WHAT YOU WILL DO: Write out, word for word and with no pictures, each line below from the one containing "İstanbul’un Ulaşım Ağlarına" through the one containing "APPLE WATCH SERIES", both included, and no other line.

*** DATA UNDER STUDY ***

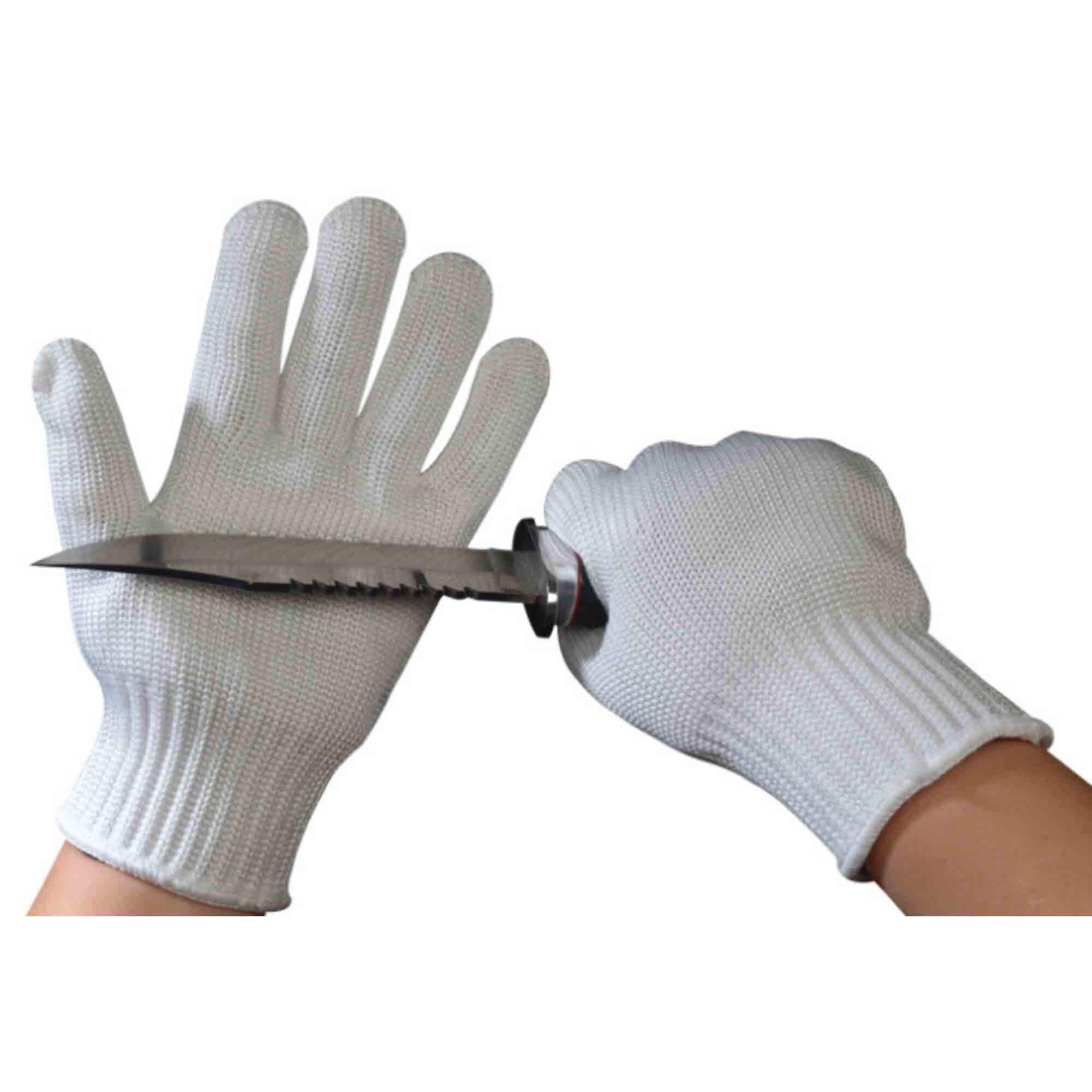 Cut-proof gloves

*** End of DATA UNDER STUDY ***
*** DATA UNDER STUDY ***

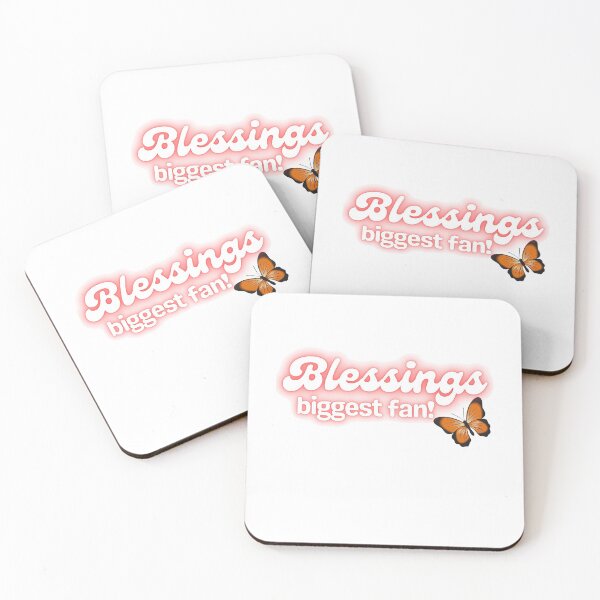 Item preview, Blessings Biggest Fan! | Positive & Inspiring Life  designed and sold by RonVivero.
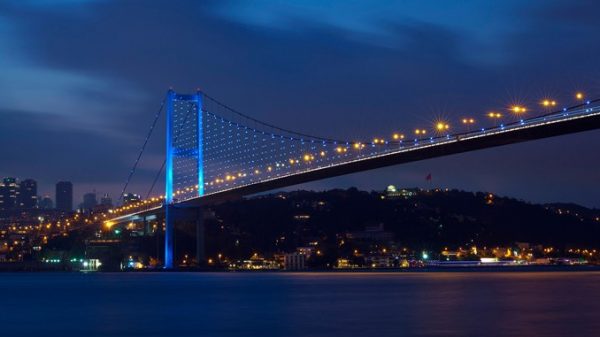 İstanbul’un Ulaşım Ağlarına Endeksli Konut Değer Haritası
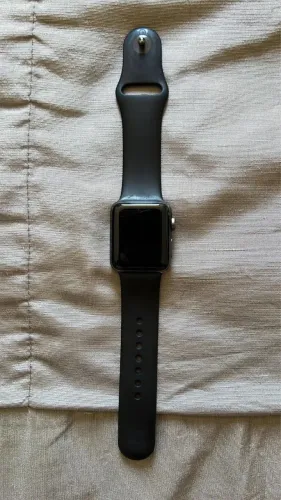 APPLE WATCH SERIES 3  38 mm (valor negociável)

*** End of DATA UNDER STUDY ***
*** DATA UNDER STUDY ***

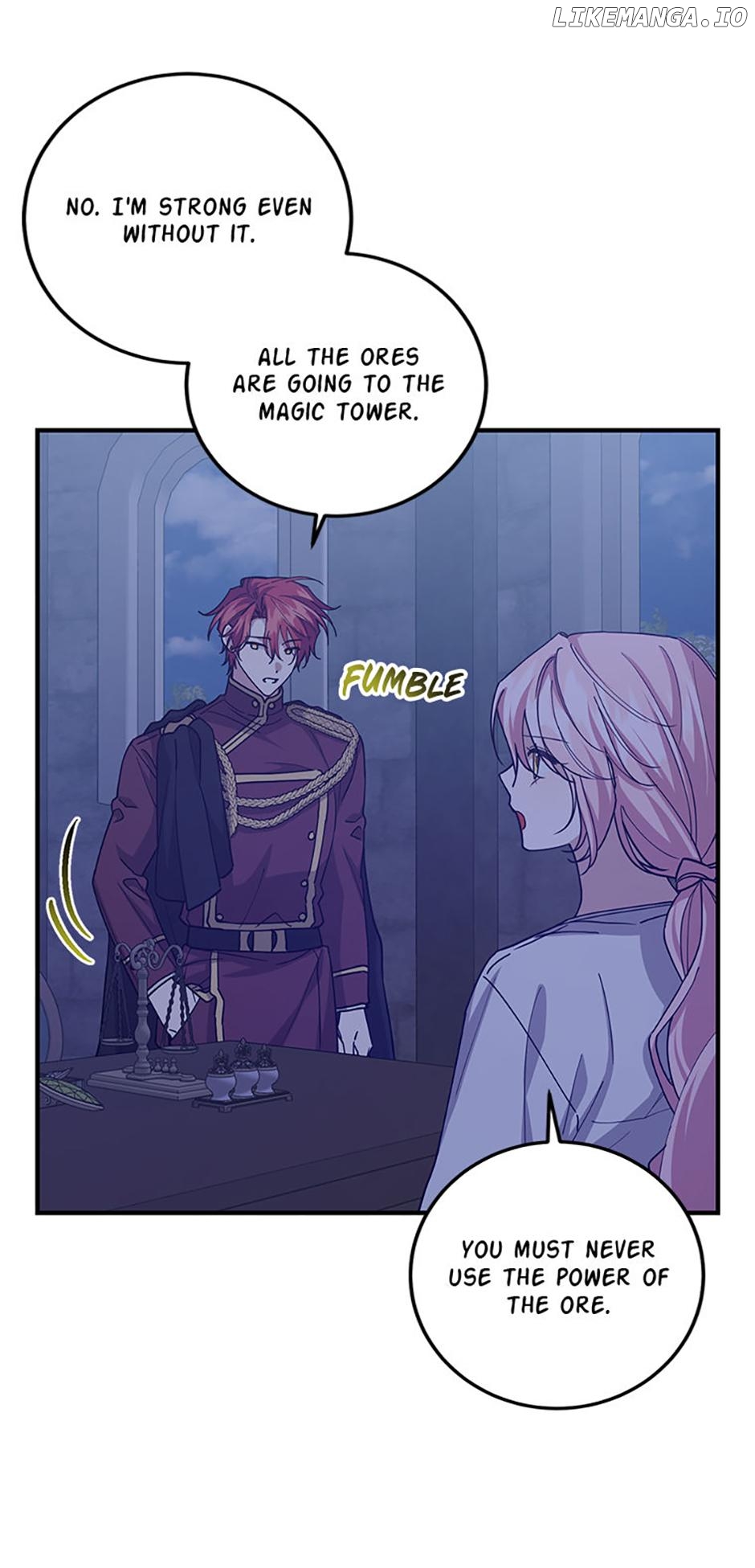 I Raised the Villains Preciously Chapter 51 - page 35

*** End of DATA UNDER STUDY ***

TASK OUTPUT:
 İstanbul’un Ulaşım Ağlarına Endeksli Konut Değer Haritası
 APPLE WATCH SERIES 3  38 mm (valor negociável)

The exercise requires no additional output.